+++ Extracted records

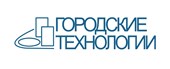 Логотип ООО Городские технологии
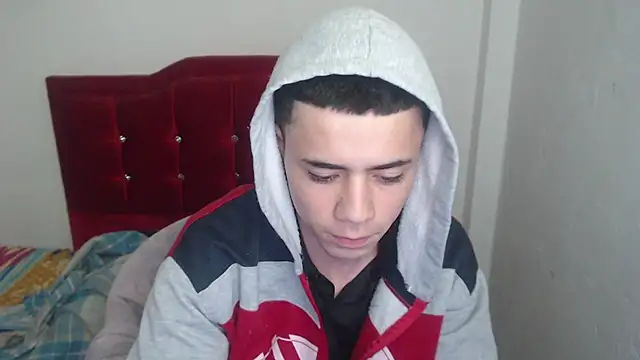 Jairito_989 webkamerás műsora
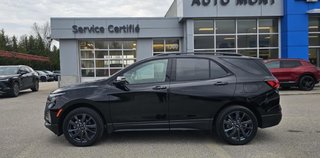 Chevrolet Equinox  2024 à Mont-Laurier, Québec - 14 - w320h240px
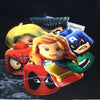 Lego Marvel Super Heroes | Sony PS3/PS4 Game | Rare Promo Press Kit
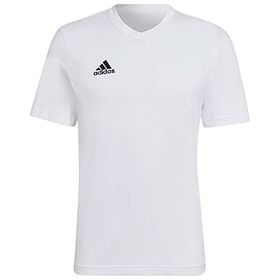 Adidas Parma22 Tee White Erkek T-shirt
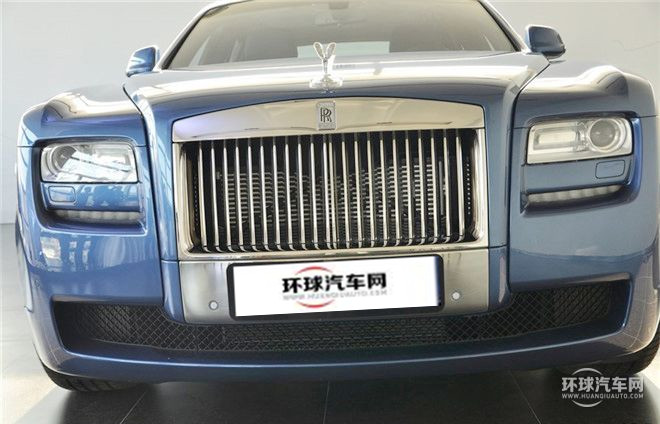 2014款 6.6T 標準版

++++++

• **Instructions for the task**: Transcribe the listing exactly; skip the pictures.

• **Your response**:
 Логотип ООО Городские технологии
 Jairito_989 webkamerás műsora
 Chevrolet Equinox  2024 à Mont-Laurier, Québec - 14 - w320h240px
 Lego Marvel Super Heroes | Sony PS3/PS4 Game | Rare Promo Press Kit
 Adidas Parma22 Tee White Erkek T-shirt
 2014款 6.6T 標準版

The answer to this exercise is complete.